I’m still plugging away at Libba Bray’s The Diviners, also set in the 1920s. I only have about 100 pages to go, but the book is soooo massive and heavy and huge that I refused to haul it with me to Seattle. (Oh, right. I’m in Seattle right now. Did I mention that? More on my gorgeous nephew later.) I really like the novel and lordy, Bray is a genius with dialogue. She’s worth STUDYING for dialogue.

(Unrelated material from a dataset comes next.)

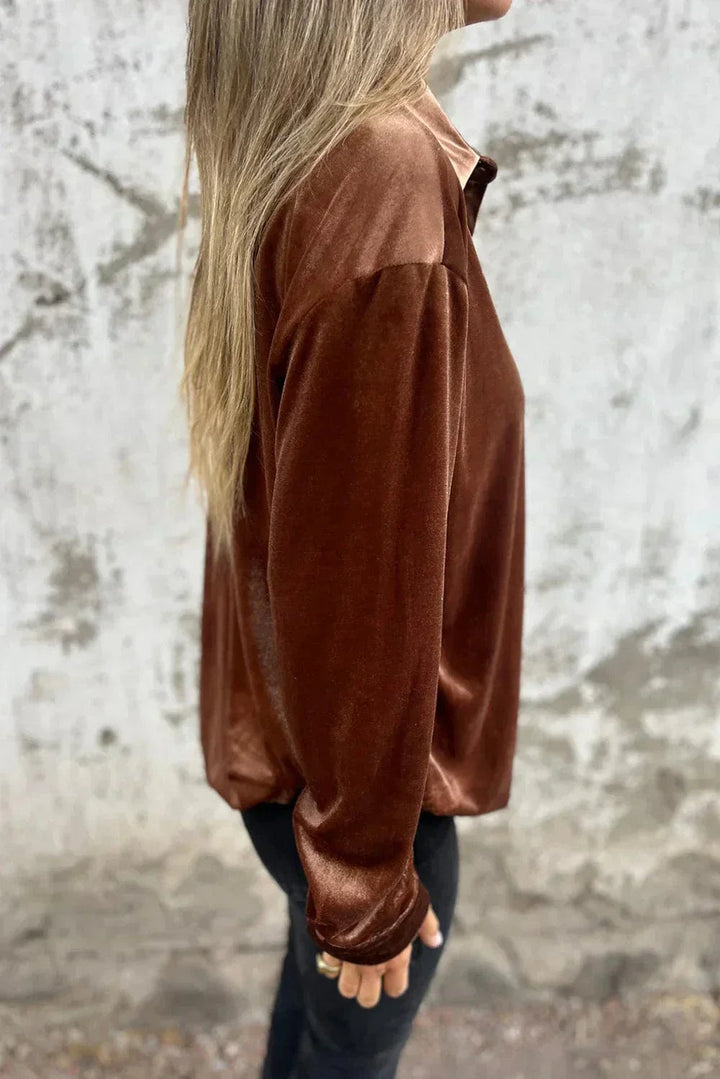 Amaryllis – Elegant and trendy velvet blouse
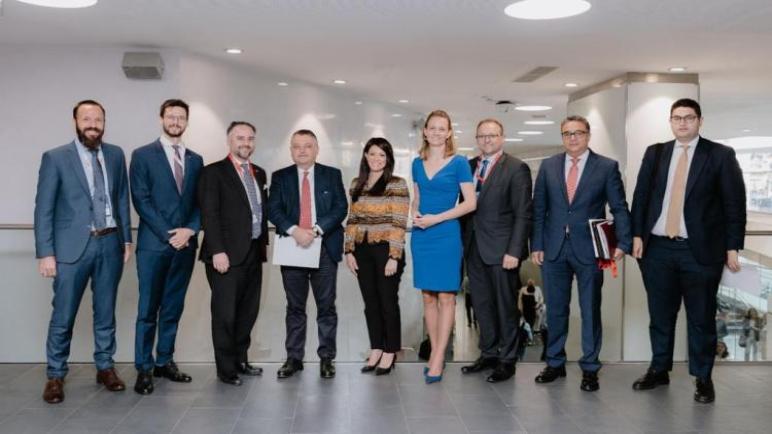 وزيرة التعاون الدولي تلتقي نائب رئيس الغرفة الاقتصادية الفيدرالية بالنمسا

Finally, another book I left behind but have been plugging away at is Heaven’s Face Thinly Veiled, which is a collection of women’s writings on “spirituality.” Fortunately, spirituality is broadly approached with oodles of angles and religions wrapped into one book. Many of the writings, poems, etc. are quite good, and others MIGHT be good but utterly lack context. The organization is tenuous, and no section introductions or ANYTHING introduce the writings. What’s worse, each excerpt’s author listing (and where it was reprinted from, if available) comes at the END of the piece. Which means that if you want any context (i.e., who the hell wrote the dang thing) at all for what you’re about to read, you have to flip ahead, see the byline, come back ,and then start reading. For hundreds of pages. Kind of dumb. So, while there are some gems, there’s better stuff out there in this vein, I’m sure. Also, I was a little miffed that there was nothing from Kathleen Norris included.